When Cal women’s basketball coach Lindsay Gottlieb, who graduated from Brown with a political science degree, heard President Barack Obama picked her team to go to the Final Four, she knew she had to call her dad.
“I said, ‘Sorry, it’s late but I want to tell you something,” Gottlieb said to her father, a former judge. “‘The President picked us in his Final Four. He said, `President Obama?’”
Leading a program which never made past the Sweet Sixteen in its 40-year history, Gottlieb knows this is a testament to how far Cal has made in the college women’s basketball spotlight.
“The things this team has done to put California in the public eye, I am proud of,” Gottlieb said.

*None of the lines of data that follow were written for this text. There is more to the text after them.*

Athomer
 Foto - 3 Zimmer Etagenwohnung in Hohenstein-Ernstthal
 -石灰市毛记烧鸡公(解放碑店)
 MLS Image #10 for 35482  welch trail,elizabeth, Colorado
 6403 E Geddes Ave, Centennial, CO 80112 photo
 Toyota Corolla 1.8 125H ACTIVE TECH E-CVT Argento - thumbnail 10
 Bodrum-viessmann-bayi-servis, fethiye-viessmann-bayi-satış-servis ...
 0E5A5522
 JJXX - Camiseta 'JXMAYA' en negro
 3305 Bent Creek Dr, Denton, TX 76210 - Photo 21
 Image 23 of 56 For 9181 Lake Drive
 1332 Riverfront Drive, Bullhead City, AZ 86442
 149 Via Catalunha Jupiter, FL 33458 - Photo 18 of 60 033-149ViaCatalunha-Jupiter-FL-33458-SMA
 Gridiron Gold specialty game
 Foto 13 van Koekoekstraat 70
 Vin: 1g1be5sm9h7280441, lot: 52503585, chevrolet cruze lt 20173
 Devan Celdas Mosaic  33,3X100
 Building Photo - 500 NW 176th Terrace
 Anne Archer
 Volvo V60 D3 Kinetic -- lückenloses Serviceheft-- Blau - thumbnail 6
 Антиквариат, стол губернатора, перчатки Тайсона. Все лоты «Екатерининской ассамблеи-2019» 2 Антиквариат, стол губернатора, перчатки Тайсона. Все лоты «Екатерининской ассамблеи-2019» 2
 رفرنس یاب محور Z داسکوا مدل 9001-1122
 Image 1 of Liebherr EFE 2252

It’s sweeter when you realize Obama picked Cal, the No. 2 seed in the Spokane regional, over top-seeded Stanford. Placed in the same regional, the Bay Area schools are on a collision course.
One of Gottlieb’s biggest accomplishments in her two years at Berkeley has been raising the program shoulder-to-shoulder with the Cardinal, who held a monopoly on Pac-12 supremacy for two decades.
The tide in the Pac-12 has shifted, at least in the President’s mind. Although a little distracting for Gottlieb, who has preached absolute focus on the prize to her team, the White House shoutout was just too cool to ignore.
“Literally my message to the team was anything you hear, good or bad, block it out, but I didn’t expect that would include from President Obama,” Gottlieb said. “We’ll probably give them a pass on that one and laugh about it today.”